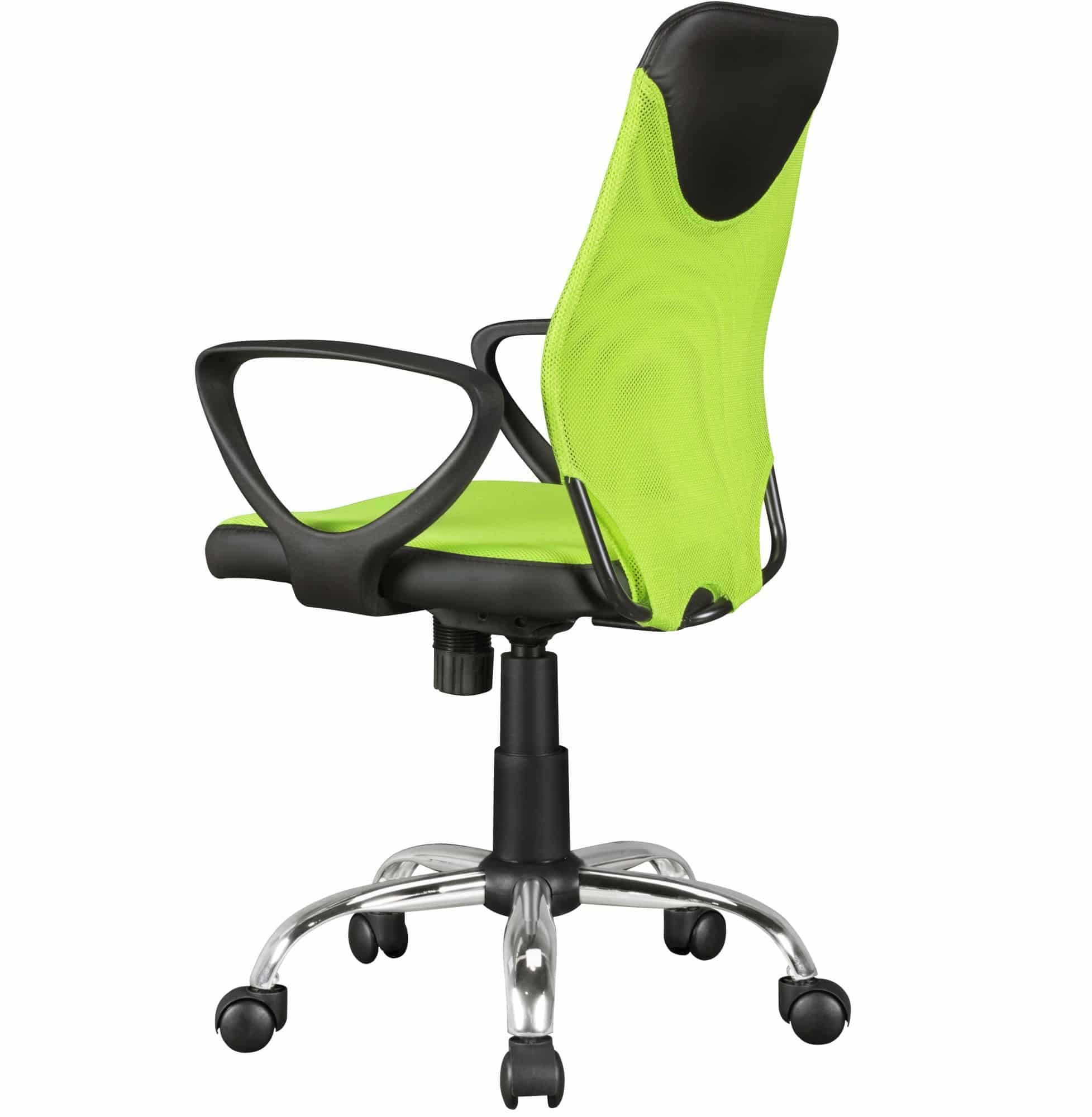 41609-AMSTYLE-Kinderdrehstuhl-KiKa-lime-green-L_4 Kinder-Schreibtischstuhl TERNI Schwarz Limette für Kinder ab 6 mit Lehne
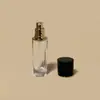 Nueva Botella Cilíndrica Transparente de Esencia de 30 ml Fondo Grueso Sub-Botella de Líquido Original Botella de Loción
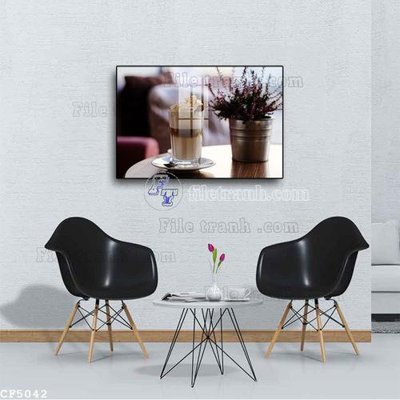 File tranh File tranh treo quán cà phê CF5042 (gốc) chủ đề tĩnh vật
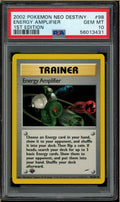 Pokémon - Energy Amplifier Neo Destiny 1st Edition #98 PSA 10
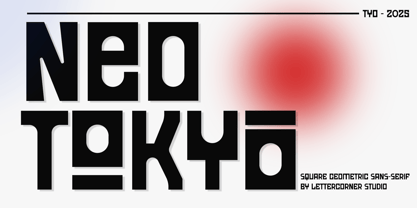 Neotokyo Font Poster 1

•••••

◆ Task requirements ◆
An exact copy of every line above is needed, without the images.

◆ Answer for the task ◆
 41609-AMSTYLE-Kinderdrehstuhl-KiKa-lime-green-L_4 Kinder-Schreibtischstuhl TERNI Schwarz Limette für Kinder ab 6 mit Lehne
 Nueva Botella Cilíndrica Transparente de Esencia de 30 ml Fondo Grueso Sub-Botella de Líquido Original Botella de Loción
 File tranh File tranh treo quán cà phê CF5042 (gốc) chủ đề tĩnh vật
 Pokémon - Energy Amplifier Neo Destiny 1st Edition #98 PSA 10
 Neotokyo Font Poster 1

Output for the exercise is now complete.